On Tuesday, 18 September 2012 at 17:59:04 UTC, Jonathan M Davis 
wrote:
> On Tuesday, September 18, 2012 17:05:26 monarch_dodra wrote:
>> This is issue #1: I'd propose that all objects in std.random be
>> migrated to classes (or be made reference structs), sooner than
>> later. This might break some code, so I do not know how this is
>> usually done, but I think it is necessary. I do not, however,
>> propose that they should all derive from a base class.
>
> Moving to classes would definitely break code, but it should be 
> possible to
> make them reference types simply by making it so that their 
> internal state is
> in a separate object held by a pointer.
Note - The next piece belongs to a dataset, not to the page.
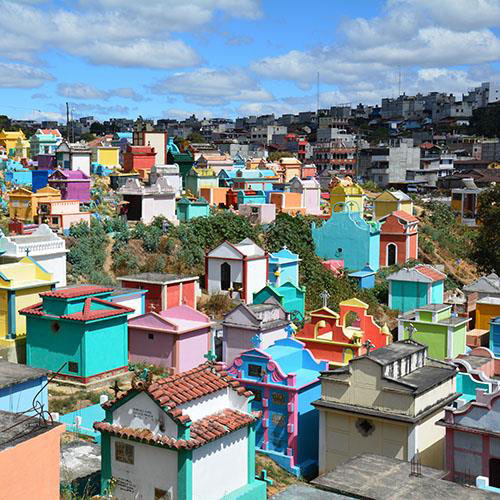 Chichicastenango city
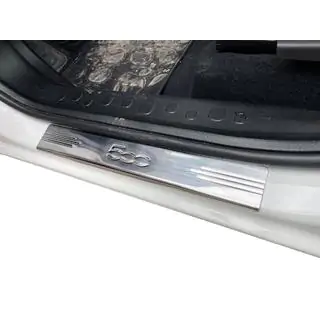 Prahové lišty 500L (Carmos, 4 ks, nerez)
I was thinking of doing that. The problem with this (as I've run 
into and stated in another thread), is a problem of 
initialization: The simpler PRNGs are init'ed seeded, and are 
ready for use immediately. Changing to this approach would break 
the initialization, as shown in this post:

http://forum.dlang.org/thread/bvuquzwfykiytdwsqkky@forum.dlang.org#post-yvtsivozyhqzscgddbrl:40forum.dlang.org

A "used to be valid" PRNG has now become an un-initialized PRNG". 
This is extremely insidious, as the code still compiles, but will 
crash.

I'm hoping my thread goes somewhere, but since I doubt it, I've 
thought up of two other solutions for a "clean" migration:

#1
Keep as struct (as you suggest), but use the opCall hack. I HATE 
this solution.

#2
Change to class, but leave behind some "opCall"s for each old 
constructor, plus an extra one for default:
class A
{
     static A opCall(){return new A();}
     static A opCall(int i){return new A(i);}

     this(){}
     this(int){}

     /// ...
}

void main()
{
     A a1 = A();  //Works AND constructs
     A a2 = A(5); //Still Works
     A a3 = new A();  //Works
     A a4 = new A(5); //Works
}

In this case, I'm fine with having some opCalls, because 
technically, they aren't mixed with the constructors and used as 
hacks: The constructors are all there, and the opCalls, merelly 
forward to them.

That said, they *would* be destined for deprecation.

Use of "A a;" would create a problem though, but nothing's 
perfect...

Is this second solution something you think I should look into?